12. Classification Metrics via caret Package

Investigate the caret package. In particular, consider the functions confusionMatrix, sensitivity, and specificity. Apply the functions to the data set. How do the results compare with your own functions?

The results produced by the caret::confusionMatrix() function matched exactly with those from our custom-built metric functions. Specifically:

Accuracy: 0.8066
Sensitivity: 0.4737
Specificity: 0.9597
Precision (Positive Predictive Value): 0.8438

This confirms the correctness and consistency of our custom functions. The caret package uses the same definitions for confusion matrix-based metrics, validating our results. Additionally, caret offers more statistics (e.g., balanced accuracy, Kappa) which can further support model evaluation.

output_data$class <- as.factor(output_data$class)
output_data$scored.class <- as.factor(output_data$scored.class)

confusionMatrix(output_data$scored.class, output_data$class, positive = "1")

## Confusion Matrix and Statistics
## 
##           Reference
## Prediction   0   1
##          0 119  30
##          1   5  27
##                                           
##                Accuracy : 0.8066          
##                  95% CI : (0.7415, 0.8615)
##     No Information Rate : 0.6851          
##     P-Value [Acc > NIR] : 0.0001712       
##                                           
##                   Kappa : 0.4916          
##                                           
##  Mcnemar's Test P-Value : 4.976e-05       
##                                           
##             Sensitivity : 0.4737          
##             Specificity : 0.9597          
##          Pos Pred Value : 0.8438          
##          Neg Pred Value : 0.7987          
##              Prevalence : 0.3149          
##          Detection Rate : 0.1492          
##    Detection Prevalence : 0.1768          
##       Balanced Accuracy : 0.7167          
##                                           
##        'Positive' Class : 1               
##

13. ROC Curve via pROC Package

Investigate the pROC package. Use it to generate an ROC curve for the data set. How do the results compare with your own functions?

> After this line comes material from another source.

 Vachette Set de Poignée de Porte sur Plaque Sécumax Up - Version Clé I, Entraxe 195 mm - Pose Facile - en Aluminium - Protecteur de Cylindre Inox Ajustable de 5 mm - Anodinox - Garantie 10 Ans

This AUC value of 0.6503 indicates that the model has a strong ability to distinguish between the two classes (0 = control, 1 = case). Specifically, an AUC of 0.8503 means that, on average, there is an 85% chance that the model will assign a higher predicted probability to a randomly chosen positive case than to a randomly chosen negative case. Our custom AUC function produced a value of 0.8489, which is extremely close to pROC’s result of 0.8503. This minor difference is expected, as the manual method uses fixed threshold steps, applies a basic trapezoidal rule for integration, and provides an approximate result.

roc <- roc(output_data$class, output_data$scored.probability)
plot(roc, main = "ROC Curve using pROC (AUC= 0.8503)")

auc(roc)

## Area under the curve: 0.8503